Friday marked what would have been the former Georgia football play-by-play announcer’s 90th birthday, and the athletic department celebrated by naming the home-side radio booth at Sanford Stadium in his honor.
Then the Bulldogs defeated Tennessee, a team Munson loved to hate, with the kind of drama he became so famous for describing with on-the-fly idioms and endearing slips of the tongue.
Spending more than four decades in the booth before retiring in September 2008 and passing away in November, Munson remains in fans’ heads, narrating so many of the biggest plays Georgia history. Saturday’s dedication and the plaque that hangs next to the radio booth’s door simply serve as a tangible extension of that lasting impression in a stadium he painted with his words.
His eldest son, Michael, recalled all the time his father logged in Sanford Stadium, wandering its hallways for hours before games and filling up the radio booth with his excited calls.

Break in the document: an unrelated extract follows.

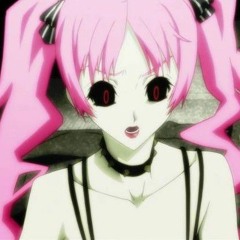 Vampypwup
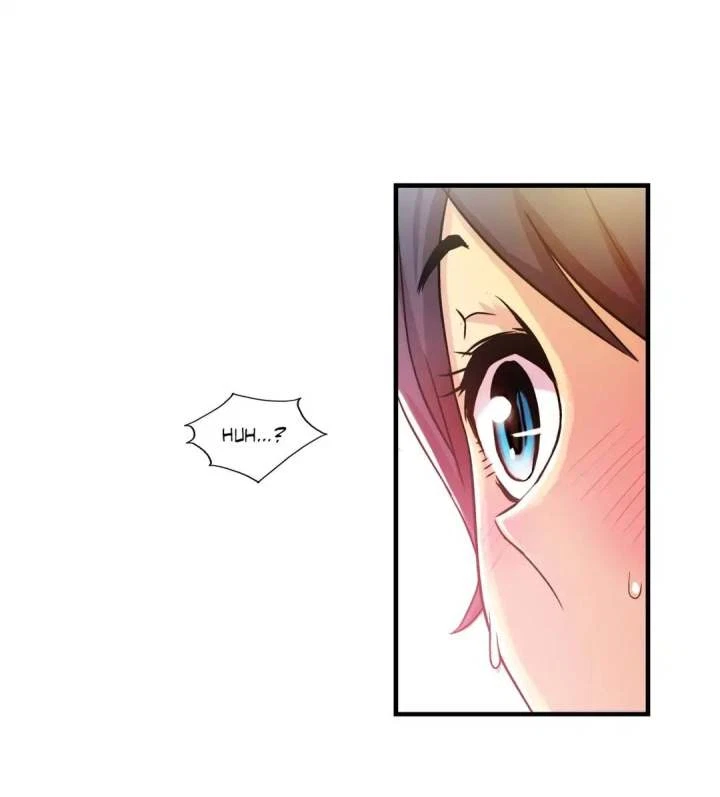 Chapter 57, page 27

“It’s something special to us because it kind of permanently puts him in the stadium forever,” said Michael, who was on hand for the dedication. “This is where he spent all his time. If we were talking about a game like today when they start at 3:30, he would have been here at 7 in the morning. And whether it’s Scott Howard or someone else in the booth now, if someone’s remembering who he was, then we’re honored.”
If Munson was emotional on the air, he was also realistic about Georgia athletics, warts and all. As much as that attitude – often described as downright pessimistic – resounded with fans, his impact was as wide-reaching in broadcasting, too, where few people have become so beloved and synonymous with a program and its fans, said Dan Magill, the former Georgia athlete and men’s tennis coach and a historian of all things Bulldogs.

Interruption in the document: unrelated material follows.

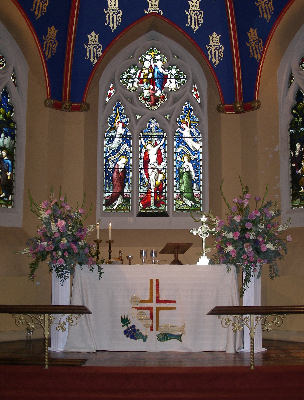 easterflowers_2016_24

Magill had a hand in hiring Munson in 1966 and it was his idea to make and sell recordings of his best calls – an instant hit.

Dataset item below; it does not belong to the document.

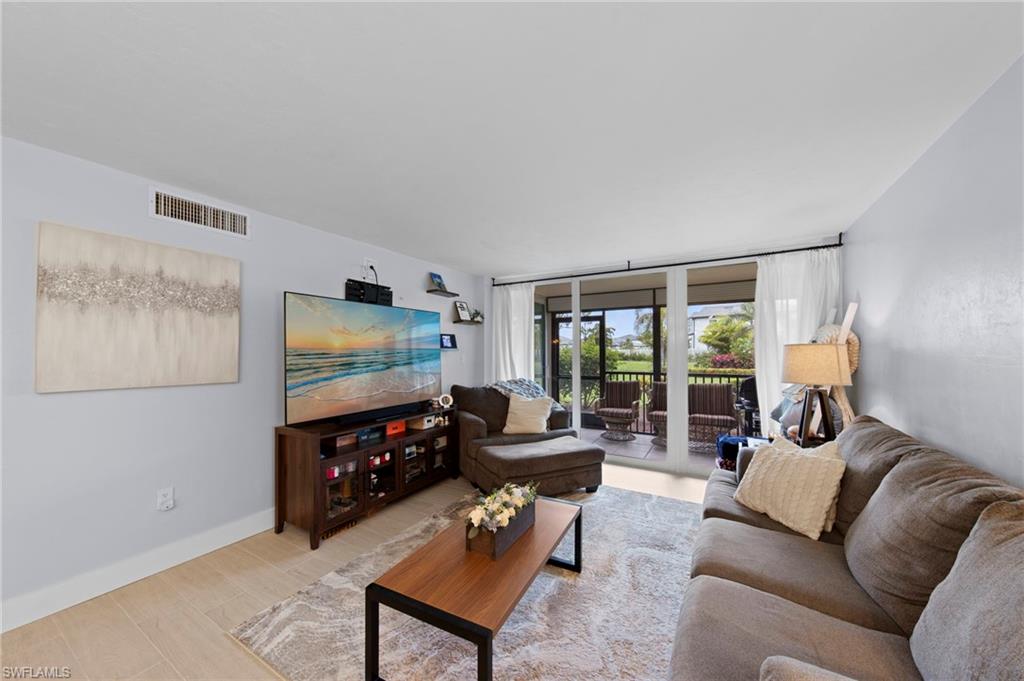 25808 Cockleshell DR 114 photo 7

“He had such an impact here,” said Magill, after whom the Sanford Stadium press box is named. “He had a very big impact in the media.”
No doubt the tapes of Munson’s “hobnail boot” call from the Bulldogs’ 2001 victory over Tennessee in Knoxville were getting more plays than usual in the last week. And with that classic call coming against Tennessee – a rival that ranked among Florida and Georgia Tech in riling up the broadcaster, his son said – Munson called it a favorite of his behind only “Run, Lindsey, run!”
Whatever you label the quality Munson was able to spin into those calls, it was all his own.
“I knew Larry most of his life, I’ve seen all the great histories about him and read all about him, but I still don’t know how he could come up with the descriptions he had,” Georgia President Michael Adams said. “He was just so into it, and I’m not even sure he knew where they came from. But that’s who Larry was.”
Munson’s brand of improvisation was a perfect fit for the Vince Dooley era of Georgia football, and much of his best work came from those games. When things were at their wildest, Larry was at his best, said Loran Smith, the longtime reporter whom Munson so often introduced with a “whatcha got, Loran?”
“Vince’s teams were so competitive and always came back, so Lady Luck was Larry’s companion, good or bad,” Smith said. “And Lady Luck’s smiles had a lot to do with the outcome of those games.
“And no matter what seemed to happen, Larry always rose to the occasion.”